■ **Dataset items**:

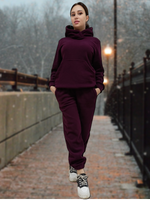 23222 Костюм флисовый с капюшоном, карман кенгуру винный (52)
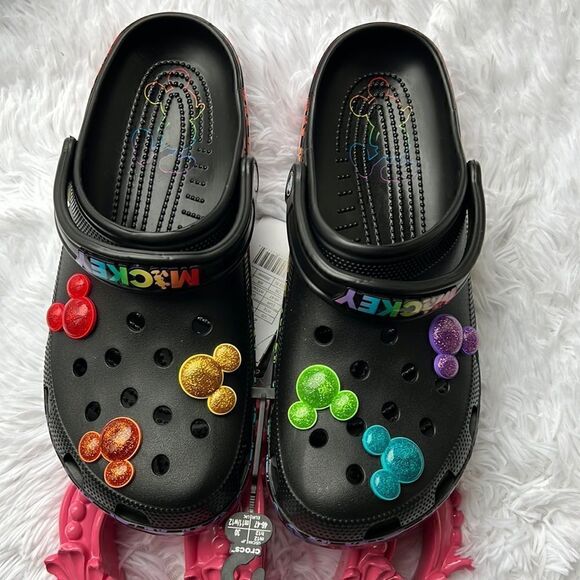 Crocs Classic Disney Clog Rainbow Celebration - Picture 14 of 14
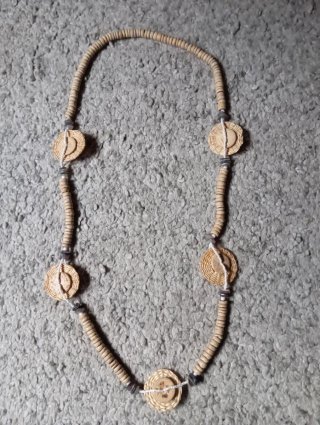 Collares y Pulseras
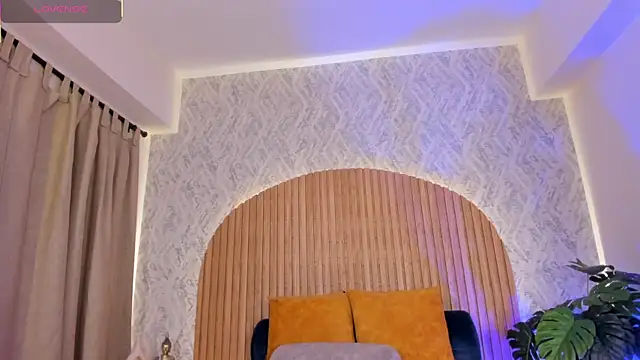 Sophiie Belle online show from October 2025 01:45:01 PM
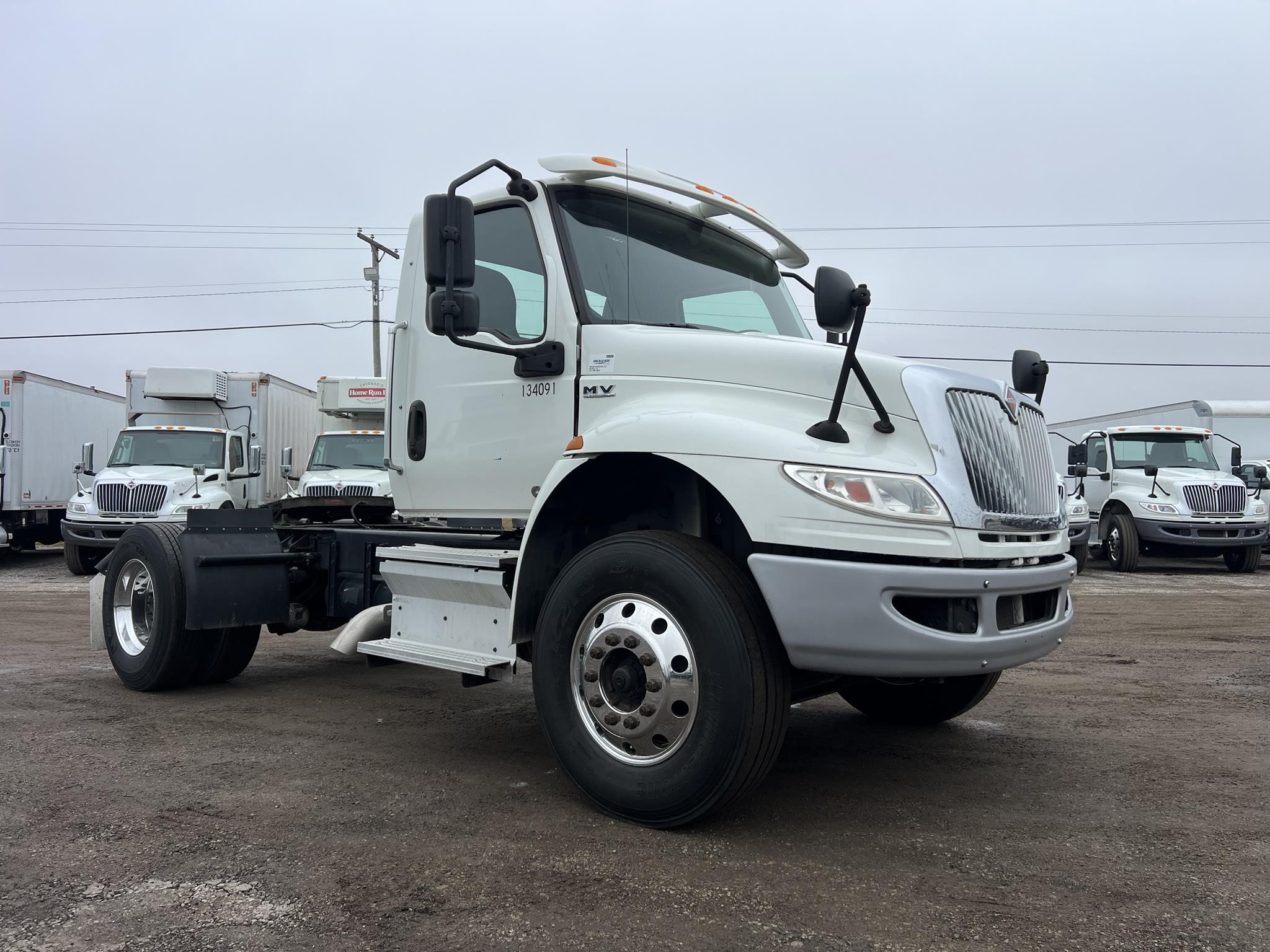 2021 INTERNATIONAL MV 2021 INTERNATIONAL MV - image 2 of 6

■ **TO DO**: Please repeat the entries above exactly, leaving out any pictures.

■ **YOUR SOLUTION**:
 23222 Костюм флисовый с капюшоном, карман кенгуру винный (52)
 Crocs Classic Disney Clog Rainbow Celebration - Picture 14 of 14
 Collares y Pulseras
 Sophiie Belle online show from October 2025 01:45:01 PM
 2021 INTERNATIONAL MV 2021 INTERNATIONAL MV - image 2 of 6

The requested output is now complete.